◆ Task objective: Pick out every line in the data below that holds "Dress".

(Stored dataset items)
<<<<
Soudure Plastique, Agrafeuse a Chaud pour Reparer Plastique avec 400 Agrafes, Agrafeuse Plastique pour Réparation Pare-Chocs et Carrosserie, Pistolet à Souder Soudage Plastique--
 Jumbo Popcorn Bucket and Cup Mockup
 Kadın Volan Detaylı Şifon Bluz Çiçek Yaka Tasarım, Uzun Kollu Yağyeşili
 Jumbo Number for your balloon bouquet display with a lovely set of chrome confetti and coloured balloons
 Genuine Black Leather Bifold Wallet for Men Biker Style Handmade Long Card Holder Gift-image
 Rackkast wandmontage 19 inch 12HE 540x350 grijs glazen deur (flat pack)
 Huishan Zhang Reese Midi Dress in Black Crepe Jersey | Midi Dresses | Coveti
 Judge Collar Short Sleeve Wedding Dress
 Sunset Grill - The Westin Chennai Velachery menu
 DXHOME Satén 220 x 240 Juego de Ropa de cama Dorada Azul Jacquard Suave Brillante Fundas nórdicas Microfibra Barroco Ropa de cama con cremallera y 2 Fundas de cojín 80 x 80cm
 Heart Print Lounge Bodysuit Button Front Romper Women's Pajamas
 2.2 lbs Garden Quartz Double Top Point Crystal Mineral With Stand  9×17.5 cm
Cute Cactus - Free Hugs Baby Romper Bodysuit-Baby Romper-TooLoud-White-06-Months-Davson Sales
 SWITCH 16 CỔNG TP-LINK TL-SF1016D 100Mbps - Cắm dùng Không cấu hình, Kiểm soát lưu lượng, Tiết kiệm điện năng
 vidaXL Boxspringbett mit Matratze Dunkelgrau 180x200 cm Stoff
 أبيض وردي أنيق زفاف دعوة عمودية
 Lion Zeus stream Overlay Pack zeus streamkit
>>>>
◆ Exercise output:
 Huishan Zhang Reese Midi Dress in Black Crepe Jersey | Midi Dresses | Coveti
 Judge Collar Short Sleeve Wedding Dress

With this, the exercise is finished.